N95$K25.calc <- X %*% y

plot(K25 ~ K25.calc, data=N95, pch=19, col=gray(0.2, 0.2))
abline(0, 1, col="red")

Are there systematic deviations between theoretical and measured conductivity? What could be the explanations for such deviations? There is an increasing deviation between measurements and theoretical predictions with increasing conductivities which is probably caused by activity coefficients deviating from unity as ionic strength increases. Remember that molar conductances are basically only valid at infinite dilution.

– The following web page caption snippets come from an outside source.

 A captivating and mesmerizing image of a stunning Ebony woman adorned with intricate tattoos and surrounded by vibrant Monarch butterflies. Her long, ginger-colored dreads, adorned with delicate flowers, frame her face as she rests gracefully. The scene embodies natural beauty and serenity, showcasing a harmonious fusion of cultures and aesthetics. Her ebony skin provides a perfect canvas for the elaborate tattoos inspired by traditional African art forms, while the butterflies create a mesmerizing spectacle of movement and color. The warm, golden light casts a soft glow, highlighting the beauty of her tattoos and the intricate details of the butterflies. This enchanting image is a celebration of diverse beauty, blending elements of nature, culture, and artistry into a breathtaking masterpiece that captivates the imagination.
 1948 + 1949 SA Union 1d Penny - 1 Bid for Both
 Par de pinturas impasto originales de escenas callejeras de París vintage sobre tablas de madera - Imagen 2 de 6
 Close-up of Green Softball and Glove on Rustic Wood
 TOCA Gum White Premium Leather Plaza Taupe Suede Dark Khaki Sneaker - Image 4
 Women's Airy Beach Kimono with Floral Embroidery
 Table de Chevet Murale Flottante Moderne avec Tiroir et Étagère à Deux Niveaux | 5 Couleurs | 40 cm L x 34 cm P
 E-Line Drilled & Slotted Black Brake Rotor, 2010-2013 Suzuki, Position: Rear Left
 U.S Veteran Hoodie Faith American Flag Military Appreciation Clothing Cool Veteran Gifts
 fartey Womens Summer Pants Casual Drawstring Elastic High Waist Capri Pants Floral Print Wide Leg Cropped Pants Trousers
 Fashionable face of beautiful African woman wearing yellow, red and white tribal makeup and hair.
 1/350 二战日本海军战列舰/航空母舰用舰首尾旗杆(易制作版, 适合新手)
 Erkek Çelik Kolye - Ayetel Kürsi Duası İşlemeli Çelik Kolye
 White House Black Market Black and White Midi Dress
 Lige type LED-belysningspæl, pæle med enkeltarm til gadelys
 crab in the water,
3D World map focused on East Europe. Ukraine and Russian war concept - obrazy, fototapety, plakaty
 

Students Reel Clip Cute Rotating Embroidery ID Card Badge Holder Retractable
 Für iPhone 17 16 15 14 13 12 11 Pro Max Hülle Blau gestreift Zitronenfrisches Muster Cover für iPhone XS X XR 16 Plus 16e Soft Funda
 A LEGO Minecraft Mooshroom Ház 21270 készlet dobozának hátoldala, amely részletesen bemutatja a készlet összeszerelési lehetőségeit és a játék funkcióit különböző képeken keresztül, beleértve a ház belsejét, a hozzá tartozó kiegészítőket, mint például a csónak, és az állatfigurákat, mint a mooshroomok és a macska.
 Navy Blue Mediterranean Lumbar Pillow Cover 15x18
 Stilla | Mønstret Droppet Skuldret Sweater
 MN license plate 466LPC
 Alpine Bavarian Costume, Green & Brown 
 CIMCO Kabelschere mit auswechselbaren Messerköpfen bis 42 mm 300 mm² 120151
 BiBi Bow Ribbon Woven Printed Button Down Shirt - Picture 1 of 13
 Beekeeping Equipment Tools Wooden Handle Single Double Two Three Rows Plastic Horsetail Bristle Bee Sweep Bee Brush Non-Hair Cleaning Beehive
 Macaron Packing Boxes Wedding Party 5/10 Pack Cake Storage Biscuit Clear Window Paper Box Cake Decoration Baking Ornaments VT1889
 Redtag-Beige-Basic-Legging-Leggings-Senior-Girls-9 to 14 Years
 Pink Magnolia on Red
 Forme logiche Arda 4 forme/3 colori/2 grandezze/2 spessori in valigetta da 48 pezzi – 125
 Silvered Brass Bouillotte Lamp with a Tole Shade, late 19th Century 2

Focus on the lower left corner by repeating the same plot both xlim and ylim set to c(0, 10). Add a color coding to the markers such that low to high pH samples are colored from cyan to magenta: col= cm.colors(10)[cut(pH, 10)]). The cut function cuts a numerical variable into categorical subranges and returns a factor variable representing the subrange membership of each value. In combination with the cm.colors function it gives each pH subrange a distinct on a gradient from cyan to magenta. What do you see?

plot(K25 ~ K25.calc, data=N95, pch=19, xlim=c(0, 10), ylim=c(0,10),
     col=cm.colors(10)[cut(pH, 10)])
abline(0, 1, col="red")

Cyan dots are generally above the 1:1 line, especially in the most dilute waters. Could this be that there is something else contributing to the conductivity in the most acid lakes?

Could this have something to do with that we have not taken into account the conductivity contribution of H\(^+\) ions in our calculation? Use the same formula for equivalent conductance to calculate it for species="H" and compare with the other ions.

D.H <- diffcoeff(S=0, t=t, species="H")
(y.H <- ((abs(1) * F^2) / (R * T)) * unlist(D.H))
##          H 
## 0.03502822
knitr::kable( y.H / t(y))
Ca Mg Na K HCO3 Cl SO4 NO3
5.775542 6.634068 6.916945 6.916945 7.815249 4.538929 4.366807 4.858073

In other words, since the equivalent of conductance of H\(^+\) is 4 to 8 times larger than the other major ions it can make a disproportionate contribution to conductivity, especially in waters with acid waters with low ionic strength.